═════ Data extracts

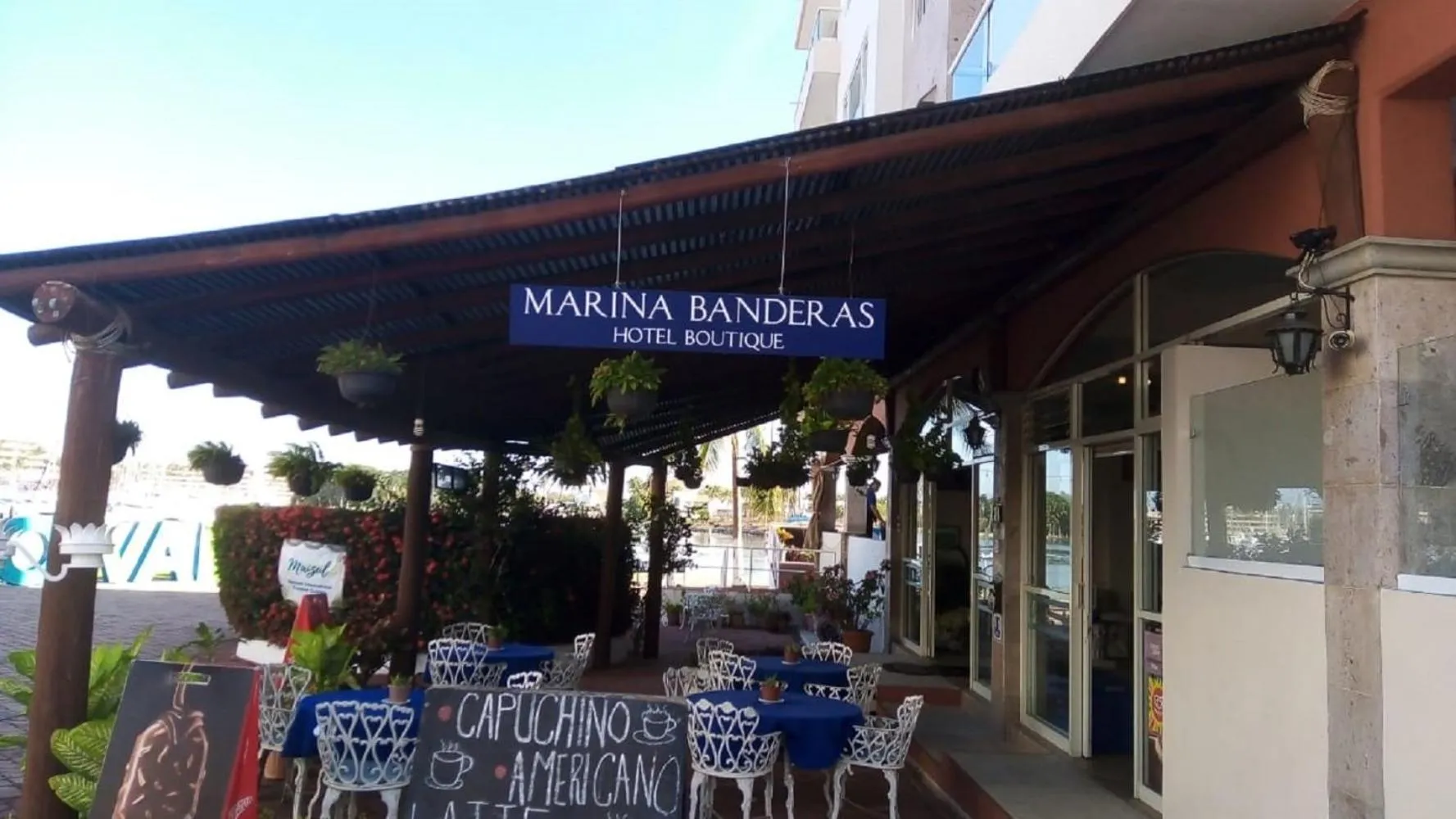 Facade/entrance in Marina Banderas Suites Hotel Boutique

══════════
═════ Data extracts

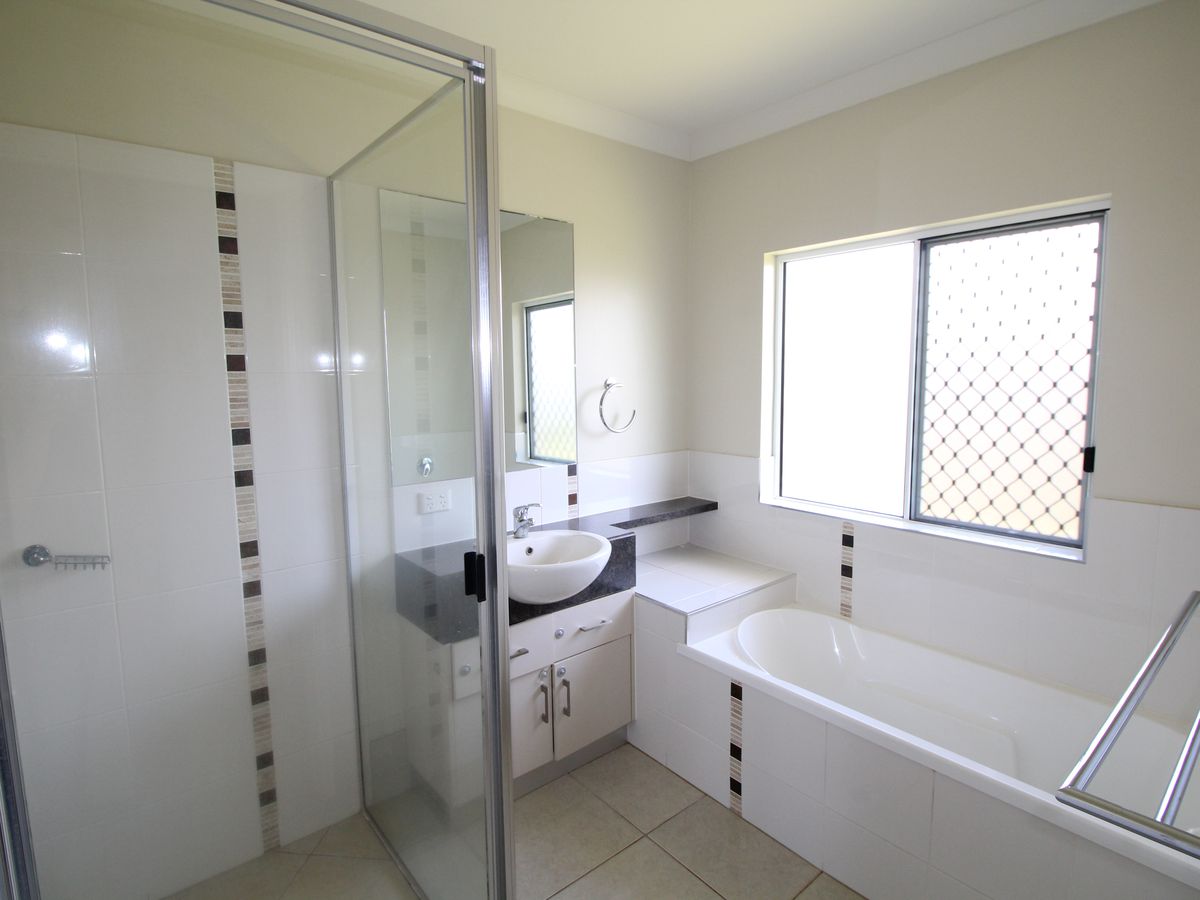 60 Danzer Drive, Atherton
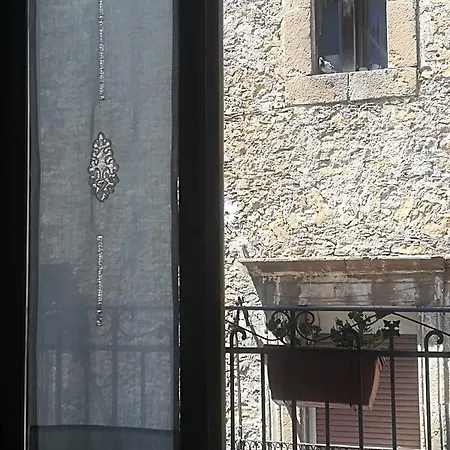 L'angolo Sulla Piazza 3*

══════════

## Your assignment:
Your reply should consist solely of the lines above from the line containing "60 Danzer Drive, Atherton" up to and including the line containing "L'angolo Sulla Piazza 3*", reproduced exactly, minus the pictures.

## Problem solution:
 60 Danzer Drive, Atherton
 L'angolo Sulla Piazza 3*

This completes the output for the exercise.